Billy Gregg only had the think about the music to find his inspiration as a writer.
The senior has spent at least the last four Veterans Days playing for the high school band at the ceremony conducted by Lake Forest American Legion Post 264.
So when the Legion Post's annual Veterans Day essay contest came along this fall, Gregg thought of the music and the role it served in each of those Veterans Day ceremonies in submitting his first-ever entry.
"I went in knowing I was going to write about music since that's what I have always connected to Veterans Day," said Gregg, who has played an instrument since the fifth grade, the bass clarinet since sixth. "It came naturally to me.
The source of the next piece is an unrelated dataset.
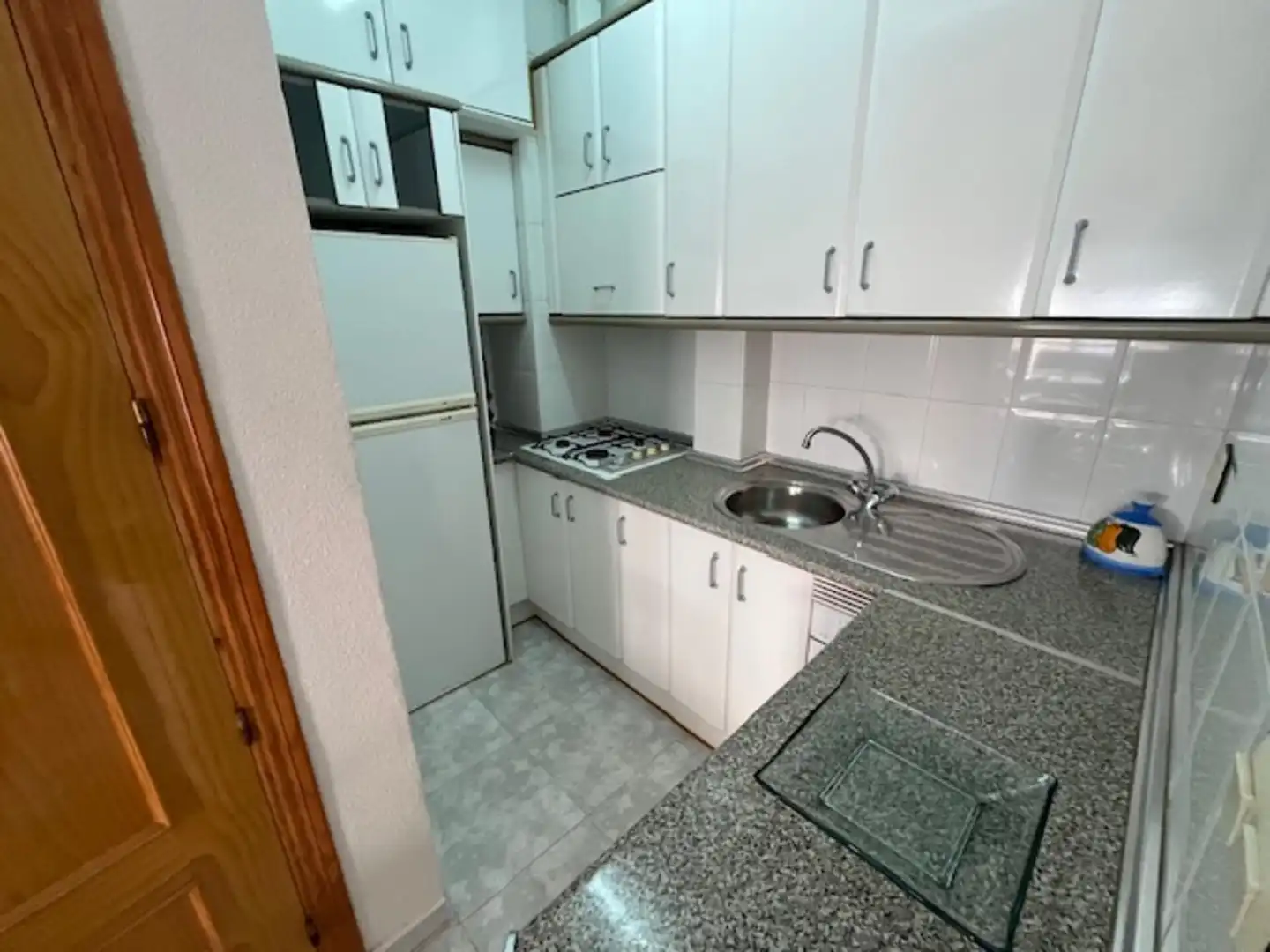 Cocina de Casa o chalet en venta en Cartagena con Amueblado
Gregg was awarded first place for his essay and $1,000, which he will donate in portions to the high school band program, debate and Scholastic Bowl.
"Everything needs money and I wanted to be able to help the band program and all the rest of the activities," he said.
Second place went to Sam Tauke, who received $500 and third to Lauren McCabe, who received $250.
The other Lake Forest students who entered the contest included: Sabrina Acker, Kurt Blumeyer, Ryan Burns, Molly Carr, Richard Daniels, Allie Danneker, Cameron Douglass, Hope Goldman, Cordelia Grob, Abbi Kordell, John Muscarello, Mukesh Nadam, Anna Noronha, Cat Perino, Gabriela Perino, Joseph Santello, Jeffery Stevens, Stephanie Weber and Natalie Yang.
Here is Gregg's winning essay.
By Billy Gregg
Life, Liberty and the Pursuit of Happiness.
The idea that human beings are entitled to these basic rights has come a long way since it was first explored by John Locke and other enlightenment philosophers in the 17th and 18th centuries. No country, no society, has ever achieved as much as the United States of America in terms of fulfilling these ideals.
That being said, the United States would never have evolved into the bastion of freedom and justice that it is today without the sacrifices made by its protectors, living and dead.
Veterans Day is about acknowledging that, without the bravery and devotion of the men and women who have served, and continue to serve each and every one of us, the preservation of this great nation would be impossible. In this way, we owe everything to our Veterans. We owe them our freedom and our Democratic form of government; we owe them our lives.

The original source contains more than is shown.